Avec une semaine d'avance sur l'équinoxe (je reste incorrigible), la mouche dominicale m'a piqué : au lieu de me reposer comme j'en avais l'intention (absolument incorrigible !) j'ai passé la journée d'hier à repeller la maison à la recherche des patchs originaux de l'ARP 2600 acquis en 1973 et revendu vingt ans plus tard. L'idée n'est pas si saugrenue depuis que j'ai décidé de retrouver le synthétiseur avec lequel j'ai commencé, à condition d'en dégotter un en bon état, à un prix pas trop délirant. À l'époque je m'étais lourdement endetté, mais grâce à cette acquisition j'avais instantanément trouvé du travail et amorti l'investissement trois ans plus tard. Un samedi après-midi à Pigalle, le démonstrateur zélé qui m'a vendu l'ARP 2600 a décidé de toute ma vie.

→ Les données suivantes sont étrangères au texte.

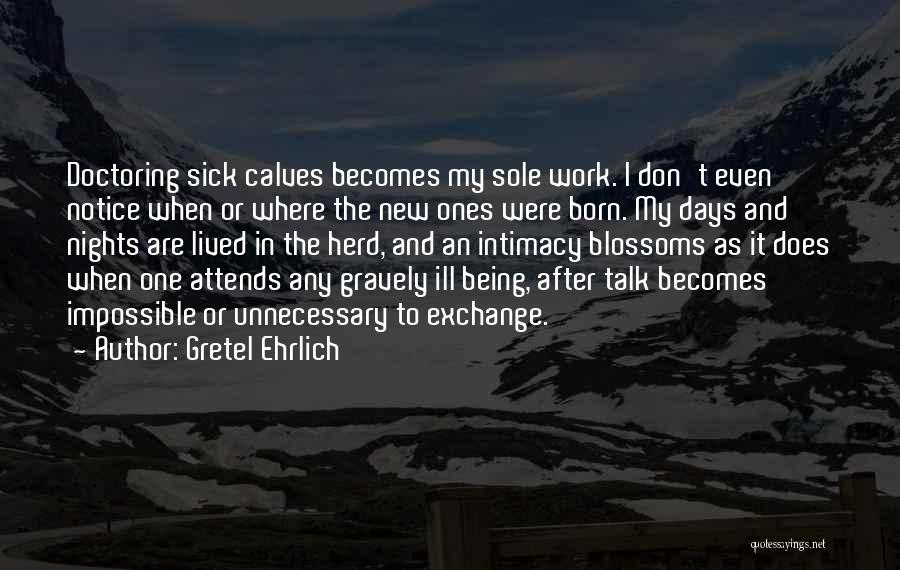 Gretel Ehrlich Quotes: Doctoring Sick Calves Becomes My Sole Work. I Don't Even Notice When Or Where The New Ones Were Born. My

C'est fou ce que l'on peut accumuler. Comme mes recherches ont été laborieuses j'ai d'abord eu le temps de trier, classer et jeter. Les partitions n'étaient évidemment plus où elles avaient été ni auraient dû être. Après le studio, le grenier et la cave, je finis par tomber sur le dossier dûment étiqueté sur la dernière étagère des archives. J'aurais préféré passer la journée allongé avec le Godard, mais ma névrose obsessionnelle m'interdit le repos tant que je ne suis pas arrivé à mes fins.
De 1971 à 1980, il s'est construit moins de 3000 exemplaires de cette machine fantastique, plutôt encombrante avec son look de central téléphonique, mais dont les qualités acoustiques ont toujours éclipsé à mes oreilles ses deux concurrents, le MiniMoog trop brillant et l'AKS (ou VCS3) trop plastoc. L'Anglais Macbeth en construit une réplique, mais le M5 lui ressemble sans en posséder ni le timbre ni les spécifications. Comme j'avais décidé de me débarrasser, faute de place et de budget, des instruments dont je ne me servais plus, j'avais bêtement vendu mon instrument fétiche sous prétexte qu'il n'avait pas de mémoire et ne répondait plus à la musique que j'avais envie de créer. Il était difficile de l'accorder, ses circuits moulés d'alors étaient irréparables, j'avais besoin d'autre chose. Je l'avais remplacé par un PPG Wave 2.2 à la transparence inégalée, puis par un DX7 enfin équipé de la norme MIDI permettant une connexion à un ordinateur ou à d'autres modules, synthétiseurs en rack et effets spéciaux. Je ne m'étais jamais résolu à upgrader le PPG dont les ondes abstraites avaient été supprimées par Wolfgang Palm, mais j'avais fait ajouter une carte SuperMax au DX7 dont l'arpégiateur et la pseudo multitimbralité me comblaient. Quelques mois après l'avoir cédé, je regrettais mon ARP qui aurait été idéal pour mon travail de designer sonore dans le multimédia. Les goûts du public oscillant comme un VCO, il était naturel que les gros sons analogiques redeviennent à la mode. Lorsque la noise me titille, lorsque je souhaite faire évoluer doucement les timbres, lorsque j'ai besoin d'expliquer de quoi un son est constitué, lorsque j'aimerais improviser en ne partant de nulle part, je n'entends que lui sous mes doigts, d'autant que j'en jouais en virtuose et avais aussi noté scrupuleusement une centaine de combinaisons démentes dont j'avais accouché. D'où l'impérieux besoin de vérifier que mes patchs avaient bien été conservés !
Ci-dessus on reconnaîtra la partition opératoire de 1975 du premier morceau de l'album Défense de (Birgé Gorgé Shiroc, GRRR 1001 ou réédition cd MIO 026-027 écoutable sur notre site). Si je pouvais vendre seulement six exemplaires vinyles de l'original devenu culte, je pourrais m'offrir l'objet rare. Quant à la réédition (cd+dvd, 7h30 de musique plus le film La nuit du phoque), MIO ayant cessé ses activités, elle est presque épuisée à son tour. Tout passe. Et repasse.